» **Task goal**
Could you repeat the entries below exactly, but only from the line with "Бесплатное фото Портрет" through the line with "Jordan Reveal Hyper Turquoise", and without any picture?

» **Dataset entries**
========================================

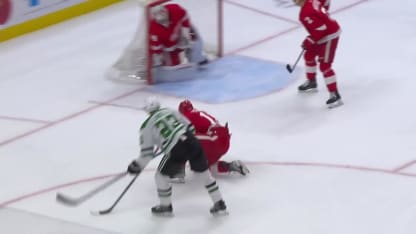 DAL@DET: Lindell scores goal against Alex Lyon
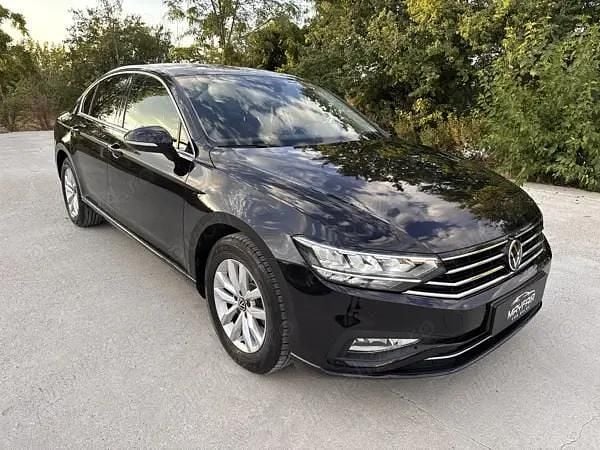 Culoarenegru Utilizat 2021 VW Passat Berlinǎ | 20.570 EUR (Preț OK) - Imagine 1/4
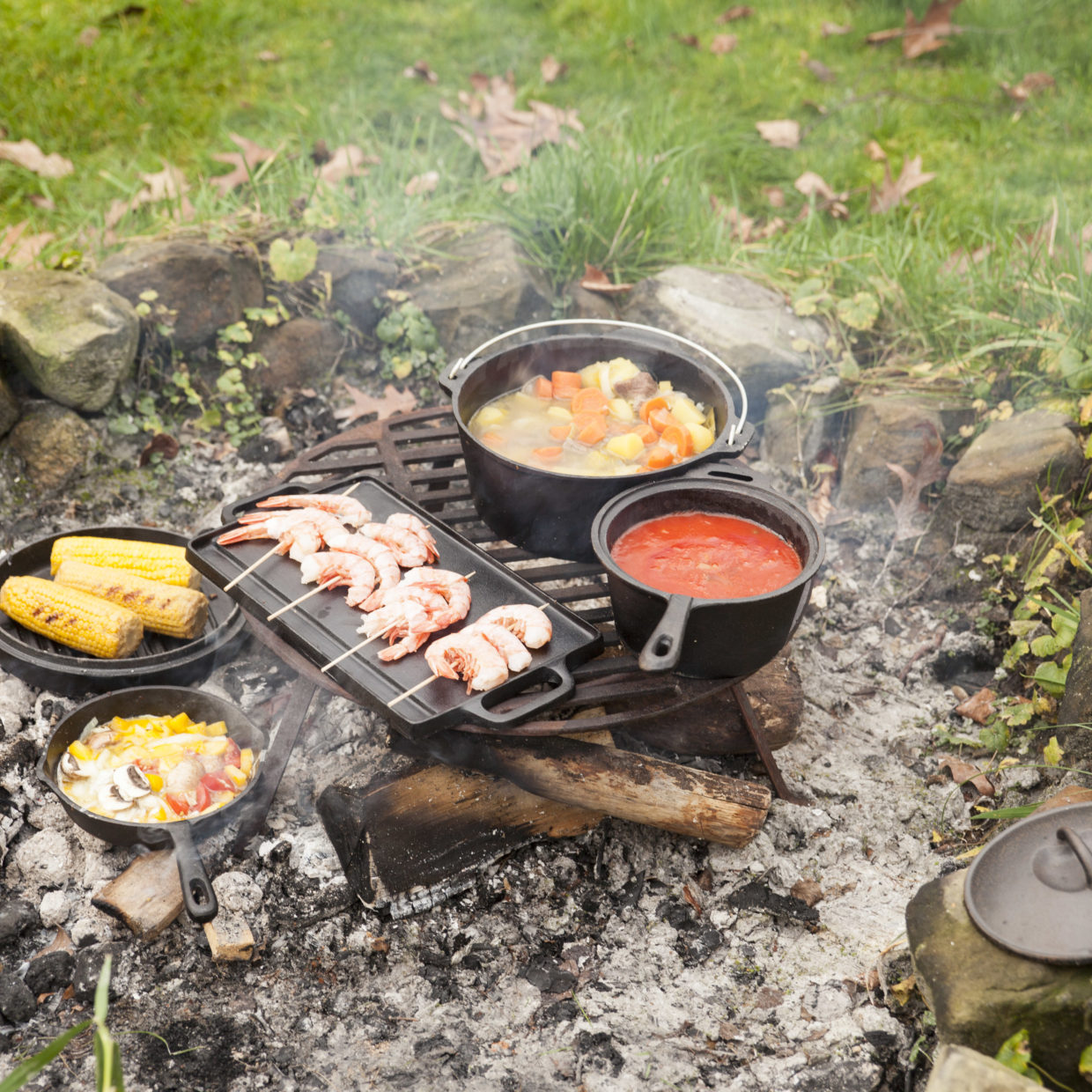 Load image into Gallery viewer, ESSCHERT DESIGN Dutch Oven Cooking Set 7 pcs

========================================

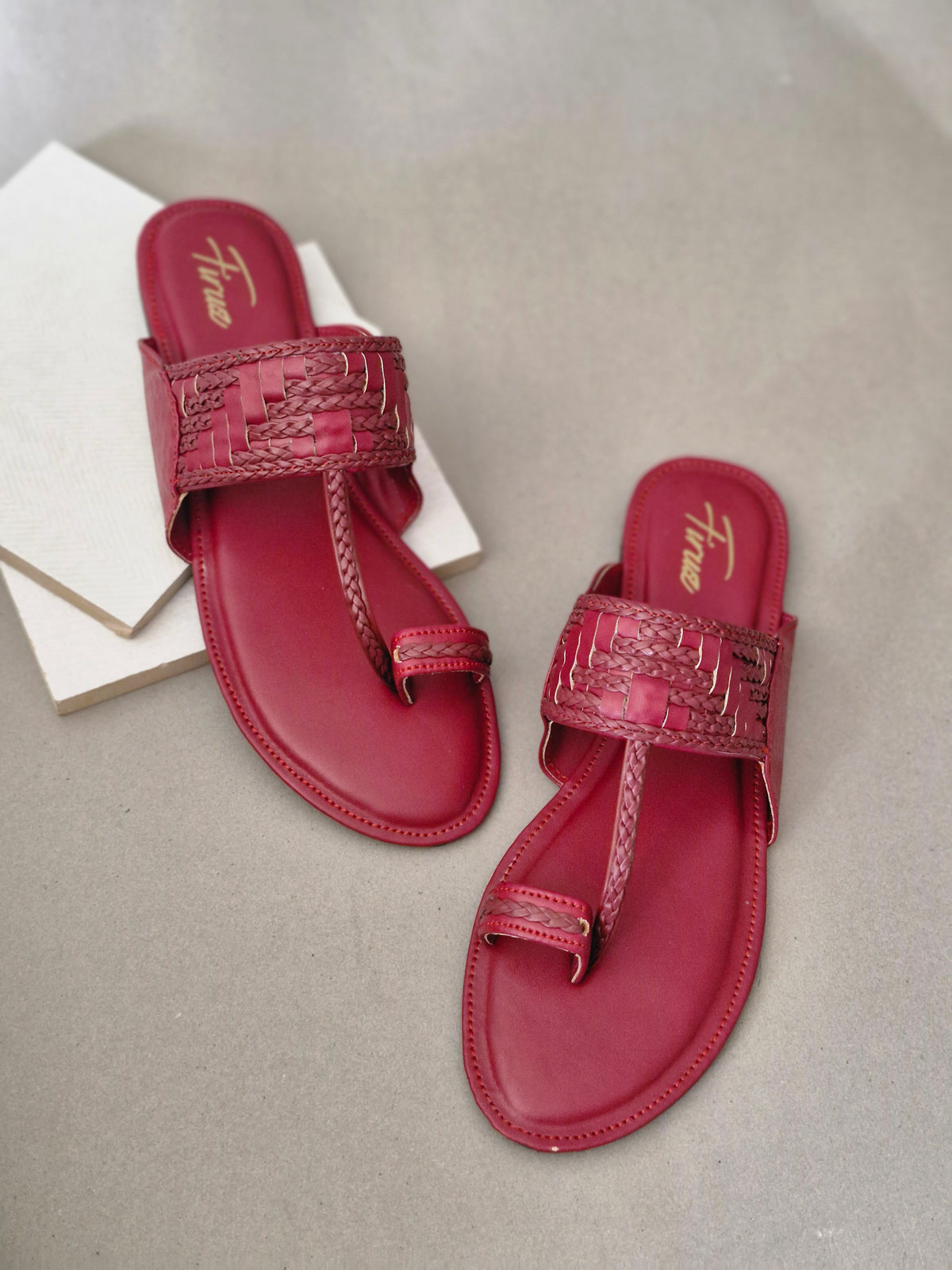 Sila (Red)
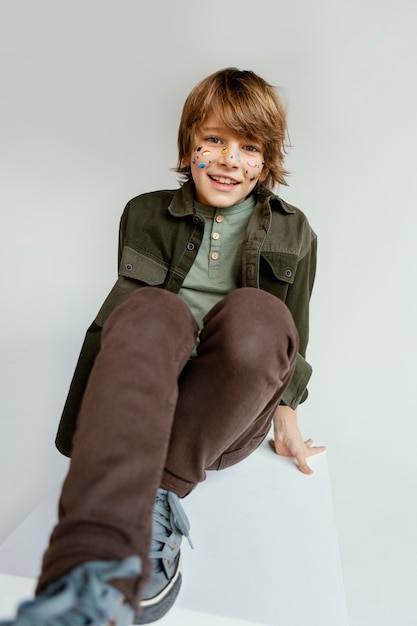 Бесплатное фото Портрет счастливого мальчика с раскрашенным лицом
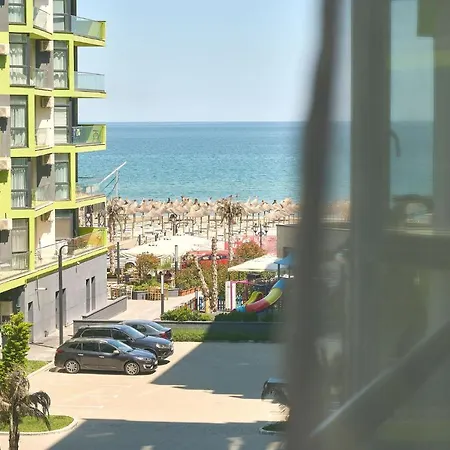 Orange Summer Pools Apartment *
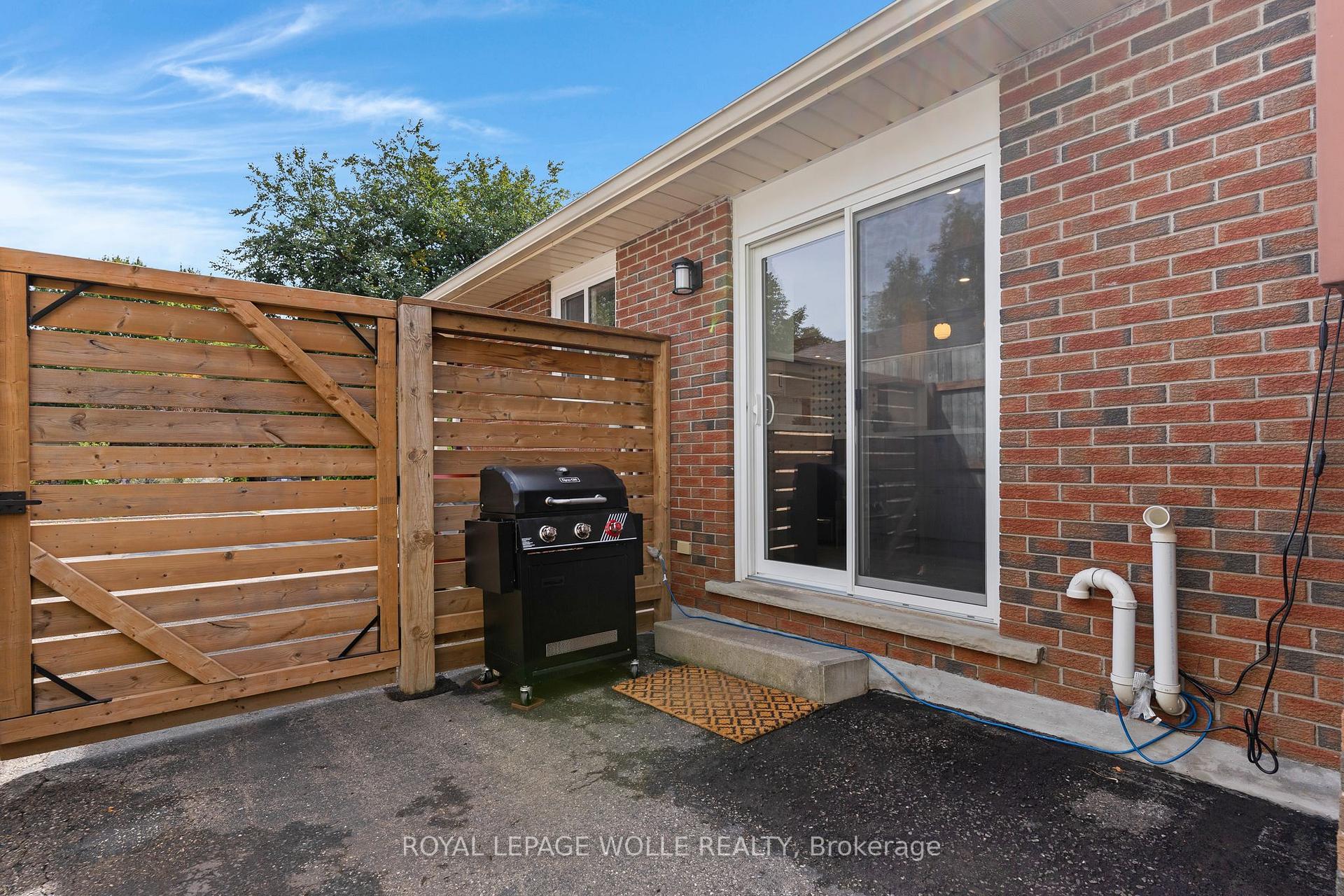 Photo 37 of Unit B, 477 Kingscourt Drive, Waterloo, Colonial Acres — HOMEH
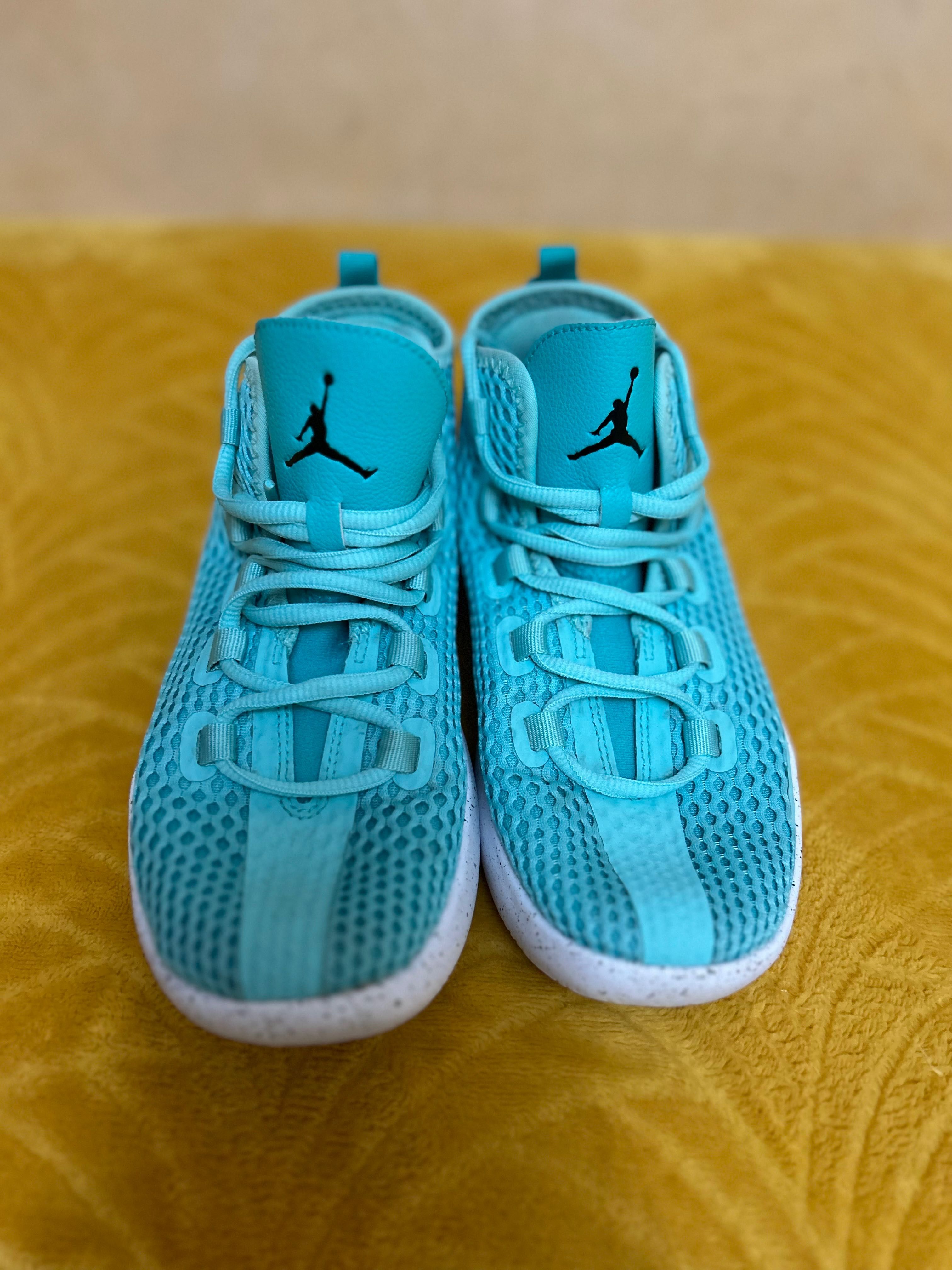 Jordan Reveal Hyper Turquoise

========================================

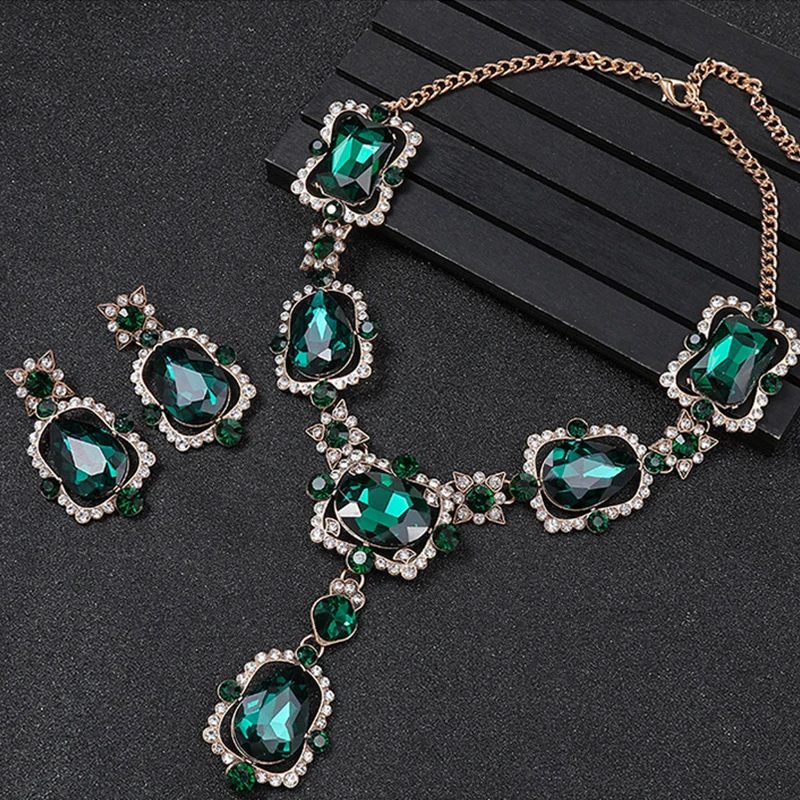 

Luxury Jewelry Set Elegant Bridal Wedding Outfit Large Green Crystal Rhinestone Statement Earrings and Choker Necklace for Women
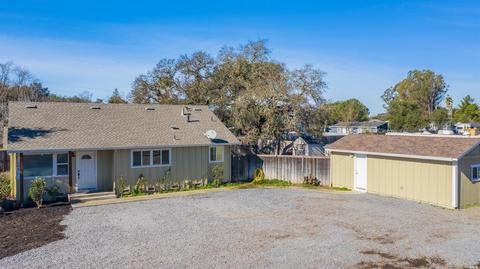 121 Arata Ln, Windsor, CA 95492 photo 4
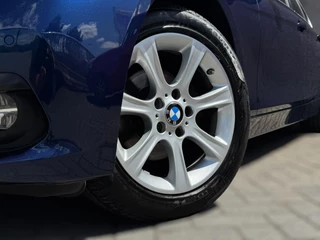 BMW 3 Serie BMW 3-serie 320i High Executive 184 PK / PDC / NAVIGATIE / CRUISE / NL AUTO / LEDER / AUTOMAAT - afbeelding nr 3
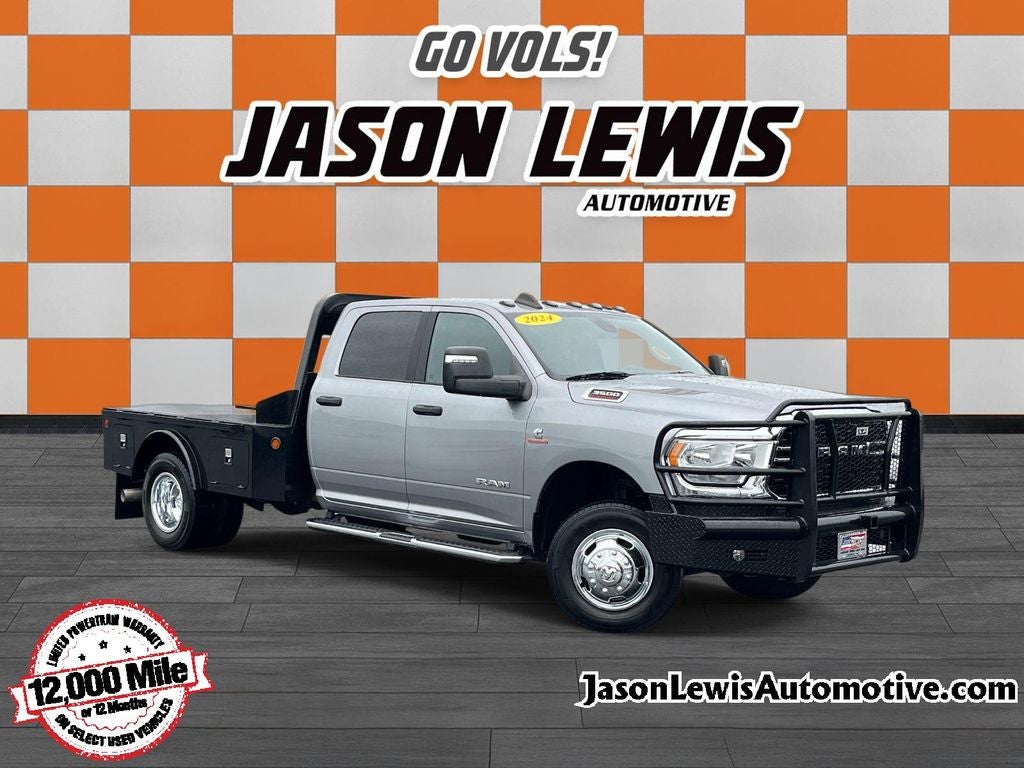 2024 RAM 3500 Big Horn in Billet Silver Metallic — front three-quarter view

========================================

» **Task result**
 Бесплатное фото Портрет счастливого мальчика с раскрашенным лицом
 Orange Summer Pools Apartment *
 Photo 37 of Unit B, 477 Kingscourt Drive, Waterloo, Colonial Acres — HOMEH
 Jordan Reveal Hyper Turquoise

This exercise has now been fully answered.